In addition to the distinct nuclear chemical shift, data from MR can be further separated based upon relaxation and/or diffusion properties of a nucleus or molecule.[12,13] Thus, MR technologies can discriminate among large molecules like peptides, proteins and macromolecular assemblies, and small molecules like metabolites or synthetic organic molecules. The relaxation time (influenced by the rotational correlation time and molecular fluctuations) of a molecule plays an important role in distinguishing among small drug molecules and large proteins, or between a single lipid molecule that behaves as a small molecule and an assembly of lipid molecules that, as a collective, behave as large molecules.
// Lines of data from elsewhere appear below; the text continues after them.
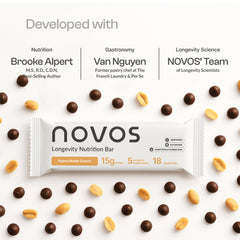 Novos Longevity Protein Bar served on a plate highlighting gourmet appeal.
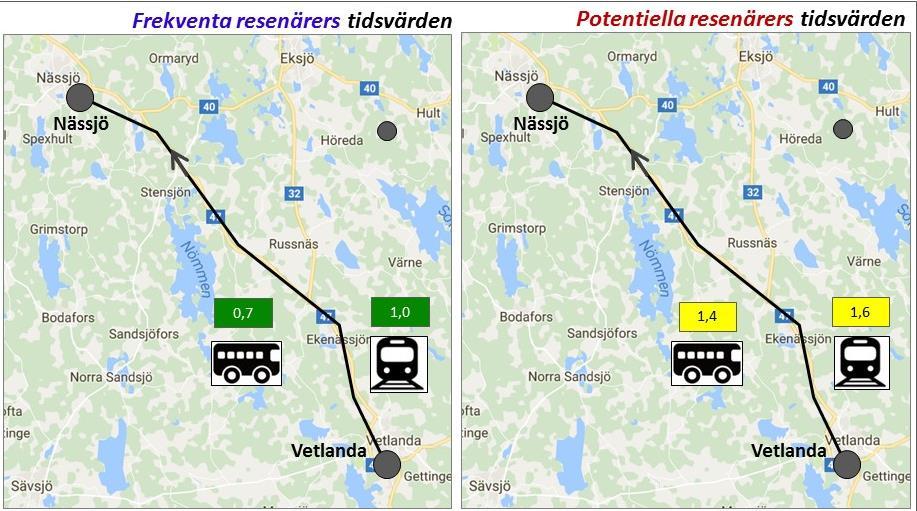 genomsnittlig restid är cirka 57 min, det som gör bussen stark är den höga frekvensen, det är avgångar var 30 min, vilket ger en genomsnittlig väntetid på cirka 15 min.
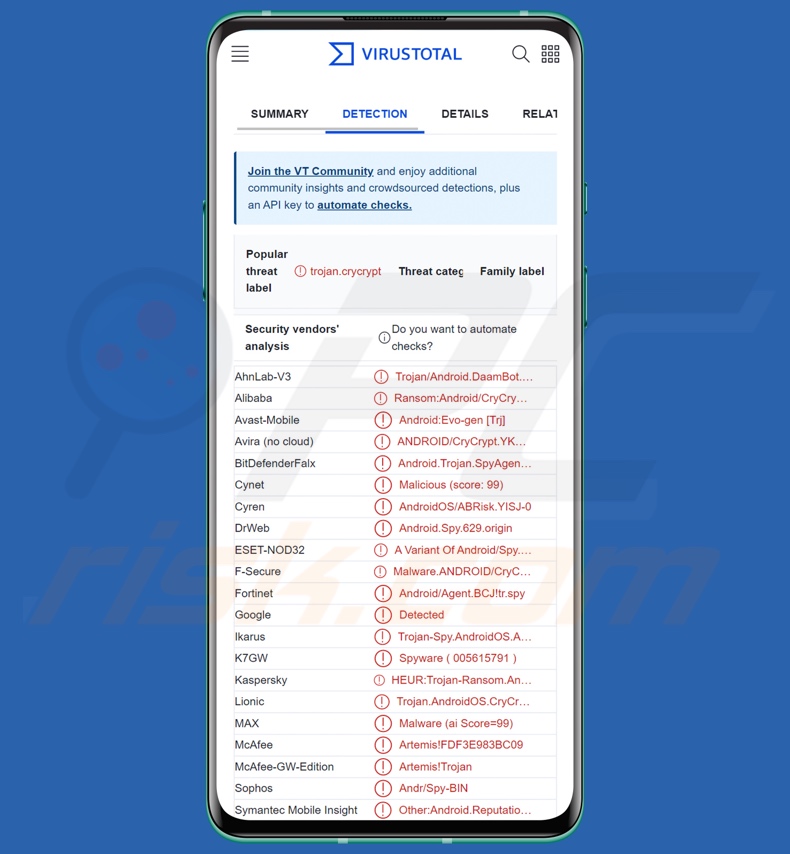 BouldSpy malware detecties op VirusTotal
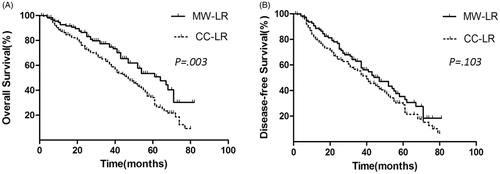 Figure 3. OS and DFS curves of patients in the MW-LR and CC-LR groups. (A) MW-LR provided a survival benefit over CC-LR at 1, 3 and 5 years (93.5% vs. 87.0%, 77.0% vs. 62.5% and 50.0% vs. 36.5%, respectively; p = 0.003). (B) MW-LR has a similar DFS benefit to that of CC-LR (p = 0.103).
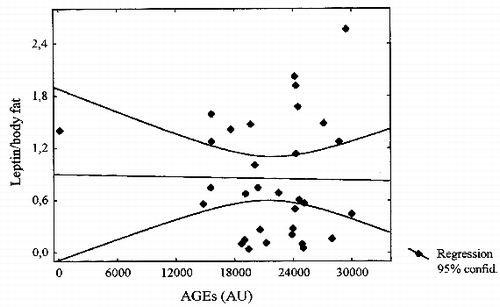 Figure 4. Correlation of AGEs with leptin/body fat in hemodialyzed patients without diabetes mellitus. r = −0.0187, not significant, y = 0.89711 − 0.0000 × x.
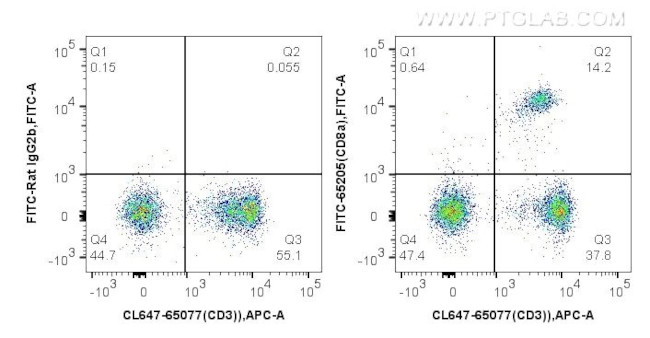 CD8a Antibody in Flow Cytometry (Flow)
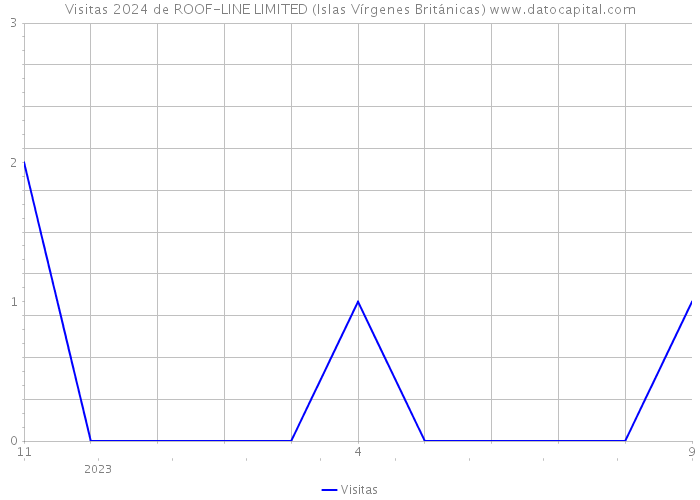 Visitas 2024 de ROOF-LINE LIMITED (Islas Vírgenes Británicas) 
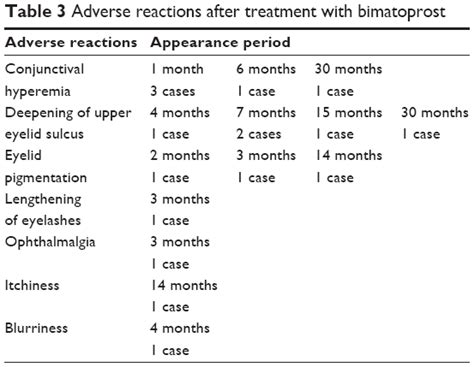 Effects of treatment with bimatoprost 0.03% for 3 years in patients wi | OPTH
One drawback is that under typical conditions MR techniques are sample intensive requiring µM to mM concentrations translating to µg to g quantities of material. For natural product discovery, the sample intensive requirement can be an issue as extracts may only contain nano to micro gram quantities of material. A number of methods have been proposed to overcome the mass demand with the most significant for general applications being the invention of cryogenically helium cooled detection systems that substantially reduce thermal noise ultimately improving the signal-to-noise ratio by up to 10 fold and reducing data acquisition times by up to 100 times.[15,16] A next generation improvement is cryogenically cooled probes that require smaller sample volumes. Currently the combination of the 700 MHz NMR spectrometer and new detection technologies requiring only 35 µl of sample affords the Biomolecular Magnetic Resonance Facility at NRC-Halifax one of the world’s most sensitive instruments for mass-limited samples reducing the typical quantities by up to 50 times. The limits of detection for this instrument can be as low as 10 nano-grams for small molecules (IWB, NM, TK and RTS unpublished).
Although to some extent the sample intensive nature of NMR can be addressed, a second drawback for larger proteins and macromolecular assemblies (>40 kDa) is the loss of peak resolution due to spectral overlap, broad line-widths, reduced signal-to-noise ratios and increased spectral complexity. There have been efforts to address this issue however, these efforts are limited in scope and application.[18-20]
2.1. Structure elucidation
After a natural product or extract has been verified to be biologically active, an essential component within the discovery pipeline is to identify compound(s) and determine structure(s). Structural elucidation is essential if chemical modifications are to be made, if the product is for human consumption and/or if a patent application is to be filed as it will distinguish the uniqueness of the compound as well as help identify relationships with pre-existing compounds. Structural characterization is somewhat different between small and large molecules; the distinction between the two regimes is defined by the Nuclear Overhauser Effect (nOe) cross-relaxation rate which is positive or negative depending upon the spectrometer frequency and the overall molecular tumbling time. Generally, “small molecules” are regarded as molecules that do not aggregate and have a molecular mass of <1 000 atomic mass units.
2.1.1. Small molecules
The advent of nD experiments propelled NMR to be a leading tool for natural product characterization. Previously natural products were degraded into fragments, chemically derivatized and/or completely synthesised to confirm the structure. It is still valuable for structure elucidation using NMR to obtain information from the aforementioned techniques as well as other techniques such as mass spectrometry (MS; for exact mass, functional groups and connectivities), infra-red spectroscopy (for functional groups), and separation techniques (for classes of compound e.g. phenolic, steroid, protein, etc.).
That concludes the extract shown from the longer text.